Henry did not leave Westminster for Leicester until 21 May, the appointed day of assembly. He was overtaken at 10 a.m. at Kilburn, some four miles on his way, by a messenger from the chancellor, forwarding a petitionary letter which he had received from York and the Nevills, probably their reply to his threat to treat them as traitors. It had been signed and sealed by them at Royston in Hertfordshire the day before. In it they complained of their omission from the Westminster council of the previous month and the consequent, invidious nature of the proposed Leicester assembly. They demanded on behalf of their followers that the chancellor should publicly excommunicate the traitors about the king and, as head of justice in the land, summon a truly representative council. On these conditions they would lay down their arms. That day they advanced to Ware, only fifteen miles from St Albans, and from there York sent his confessor, William Willeflete, with a second letter, direct to Henry, reaffirming their loyalty, asserting that they were only coming to protect him from his enemies and enclosing a copy of their previous letter to the chancellor. Willeflete reached the royal quarters at Watford, seven miles south of St Albans, at 2 a.m. on Thursday 22 May, and handed his communication to the earl of Devon.

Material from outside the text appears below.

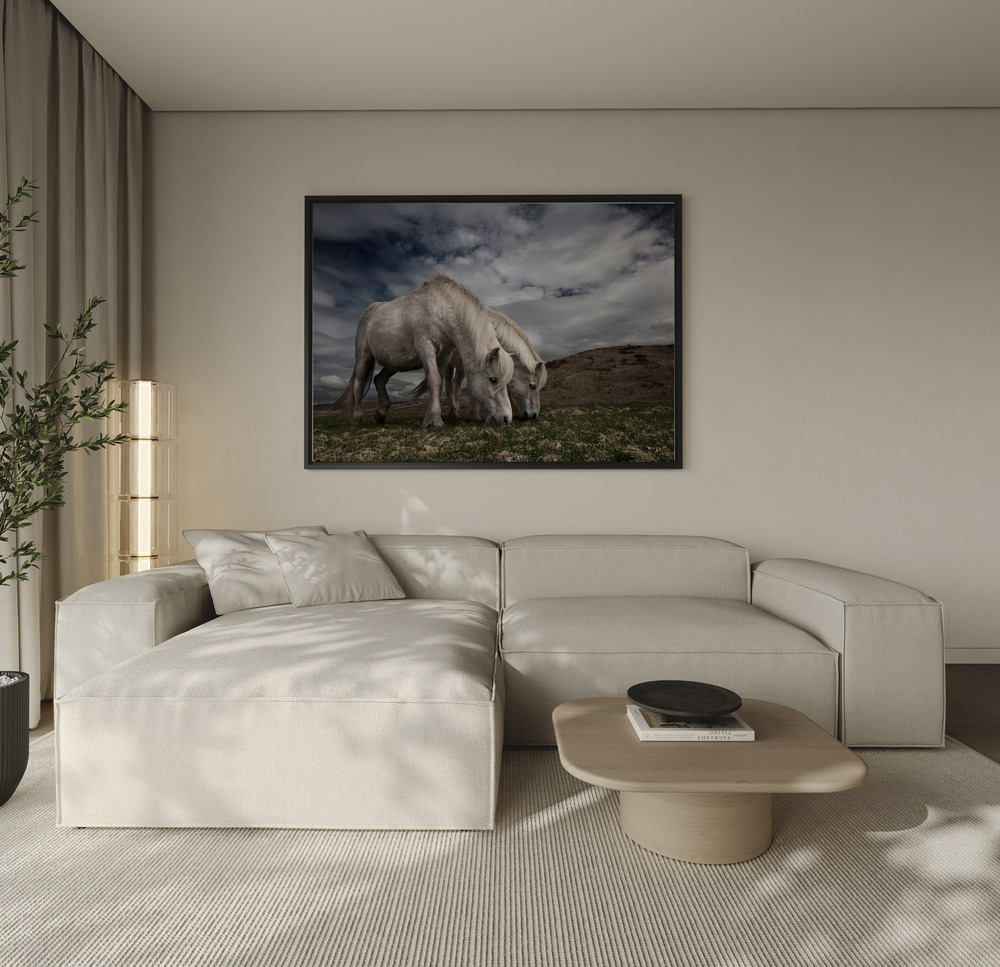 Canvas print - Two years later over the sofa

Soon after the king and his company left Watford, en route for St Albans, where he intended to have his dinner that day, they were halted by another messenger who informed them that York and his associates were already close at hand, with forces superior to his own. They had in fact taken up positions in the countryside about St Albans at 7 o’clock that morning. Divided counsels now ensued in the royal company. Prudent advice, presumably Somerset’s, to stand and fortify themselves where they were, was rejected. Henry, with his customary waywardness, now summarily removed the duke of Somerset from the office of constable and put the temporizing duke of Buckingham in charge of the whole army. This meant accepting Buckingham’s contrary advice to proceed to St Albans as intended. The new constable was confident that York and his associates would not fight, and would be willing to negotiate with him and certain bishops who had been summoned to the royal host, but had not yet arrived. Henry, it appears, had set out with only one senior ecclesiastic in his company, the Percy bishop of Carlisle, hardly likely to be a mediator acceptable to his family’s Nevill adversaries. When Henry arrived at St Albans, probably about 9 o’clock, he certainly had with him the more distinguished part of the nobility – two dukes and their heirs, four earls and six barons, together with his normal household establishment – but the ensuing conflict suggests that some of these were lukewarm for a fight. York, with only his thirteen-year-old son, the earl of March, the two Nevill earls, Salisbury and Warwick, Henry, Viscount Bourchier, and his son Humphrey, the later Lord Cromwell, nevertheless had the greater and superior fighting force.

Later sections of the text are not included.